***** Materials provided
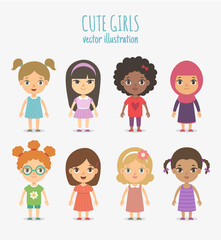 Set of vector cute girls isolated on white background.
**********
***** Materials provided
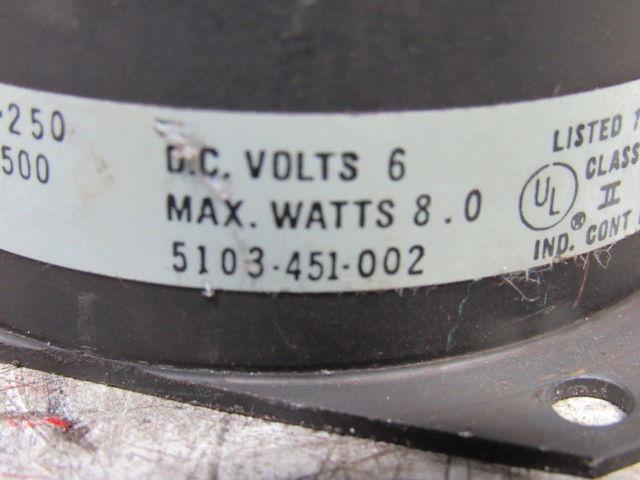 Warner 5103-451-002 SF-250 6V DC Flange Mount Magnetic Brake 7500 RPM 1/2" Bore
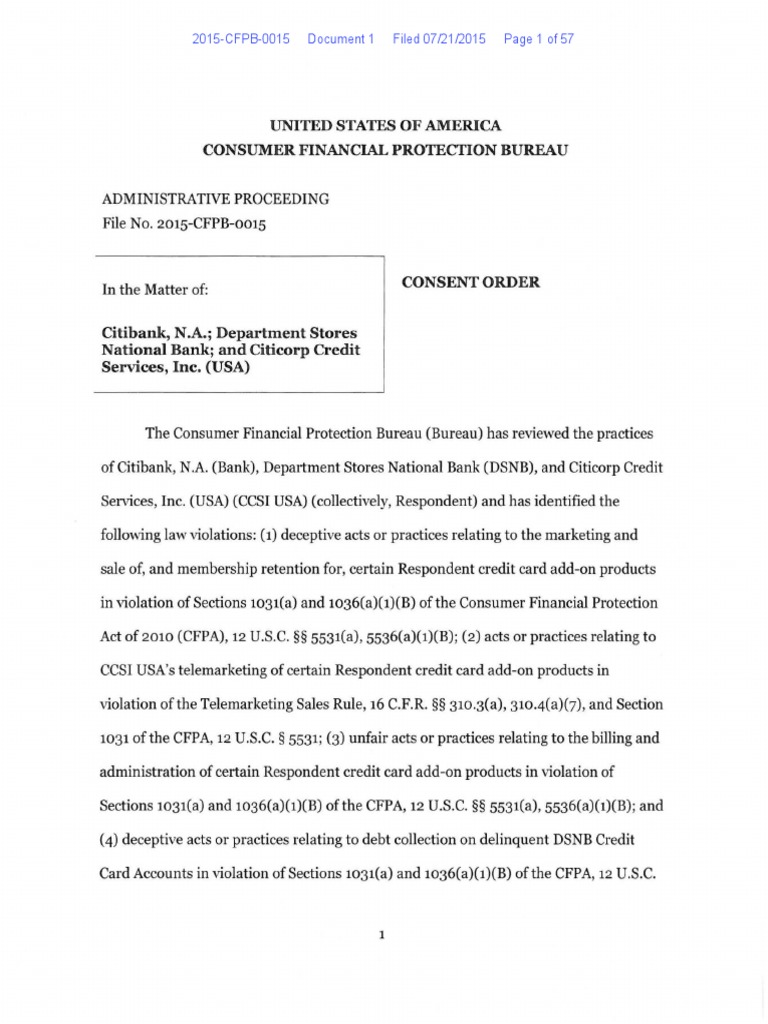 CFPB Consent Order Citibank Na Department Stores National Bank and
**********
***** Materials provided
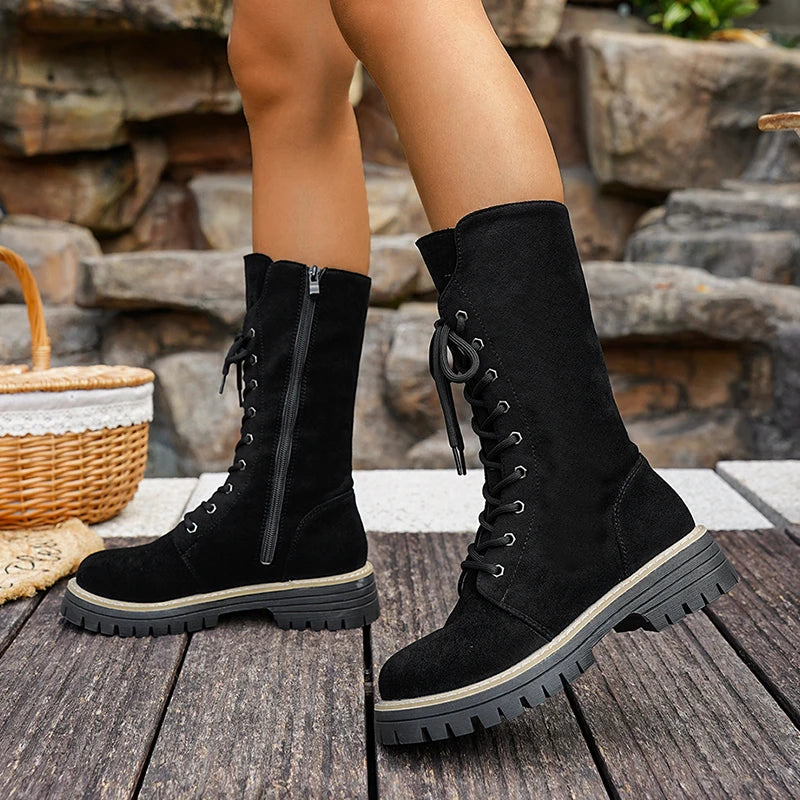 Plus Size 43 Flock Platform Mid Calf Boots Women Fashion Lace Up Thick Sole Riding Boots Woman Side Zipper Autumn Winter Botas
**********
The problem: Of the lines above, quote exactly those from the one with "Warner 5103-451-002 SF-250" through the one with "CFPB Consent Order", ends included; pictures stay out.

Task output:
 Warner 5103-451-002 SF-250 6V DC Flange Mount Magnetic Brake 7500 RPM 1/2" Bore
 CFPB Consent Order Citibank Na Department Stores National Bank and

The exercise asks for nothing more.